Last time Asda done that I bought 20 packs


----------



## leeston (May 30, 2006)

Liam said:


> eat your own arm, alot of protein there


good idea liam, however, there are only two meals worth there!


----------



## fits (Feb 3, 2004)

Icelands frozen chicken breast 1.4kg for a Fiver.

as mentioned, Tuna, sainsbury was (last week) selling 4 tins of tuna for £1.77

Eggs are always cheap

Iceland also do frozen tuna steaks and plaice and haddock, normally about £4 or £5 a bag. I recon a back of frozen chicken and a bag of fish would do you, along with some eggs and milk.

Thats all protein,

You can get a big bag of frozen Brocli or/and caulli for 99p also frozen mixed veg for about same price.

Potatos, sweet potatos, and seasonal fruit from the markets cheap.

Rice is cheap most places.

How much you got to spend per week?


----------



## AussieMarc (Jun 13, 2004)

over here my dad walked in with a full buttock of a cow for 20 bucks.. 8kgs of quality protein right there! that should last about a week

but this is in aus of course. you guys have the same sort of deal? buy x amount and get a massive discount?


----------



## leeston (May 30, 2006)

AussieMarc said:


> over here my dad walked in with a full buttock of a cow for 20 bucks.. 8kgs of quality protein right there! that should last about a week
> 
> but this is in aus of course. you guys have the same sort of deal? buy x amount and get a massive discount?
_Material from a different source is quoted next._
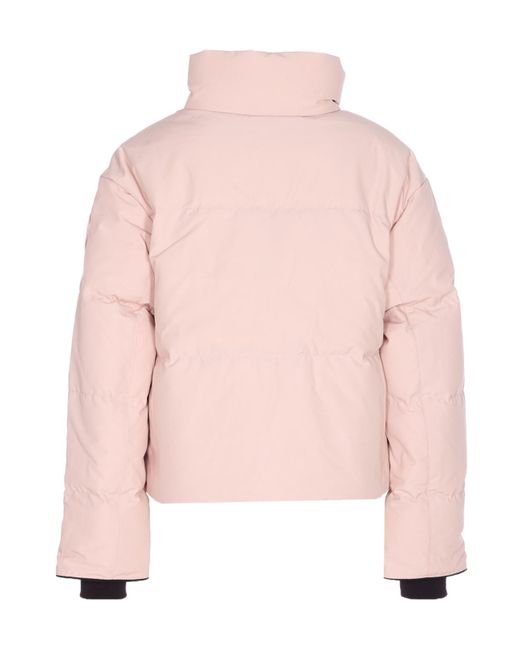 Canada Goose Pink Grandview Cropped Quilted Arctic-Tech Jacket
we do but most of our cows are mad!


----------



## justdiscovering (May 10, 2007)

yeah live with 1 lol


----------



## ALake (Feb 13, 2007)

Yeah been buying alot of tuna but I get sick of that quickly, oh well beggars cant be choosers.
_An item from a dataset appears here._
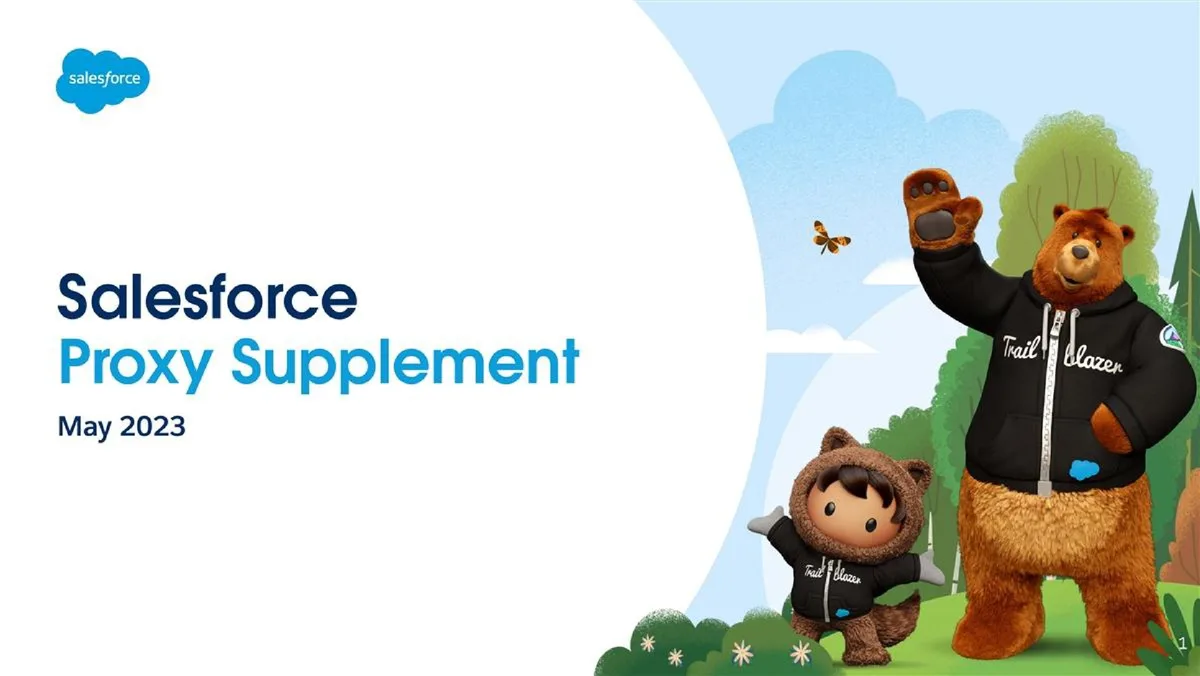 Salesforce | Shareholder Engagement Presentation Deck | 26 slides · slide 1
I have had chicken and potatoes or chicken and rice for the last 4 days lol. Ran out of chicken now, onto the tuna.


----------



## Magic Torch (May 30, 2005)

ALake said:


> Yeah been buying alot of tuna but I get sick of that quickly, oh well beggars cant be choosers.


Mate ask the guys who compete about getting sick of food quickly!

There is a lesson there tho mate, I eat the same old same old food all week, Tuna/Rice/Chicken/Potatoes, then at weekends I eat what I like - as long as I get enough good protein and carbs.

I do this cause I'm not competing yet, but when I do I know i'll have 12+ weeks with no cheat weekends!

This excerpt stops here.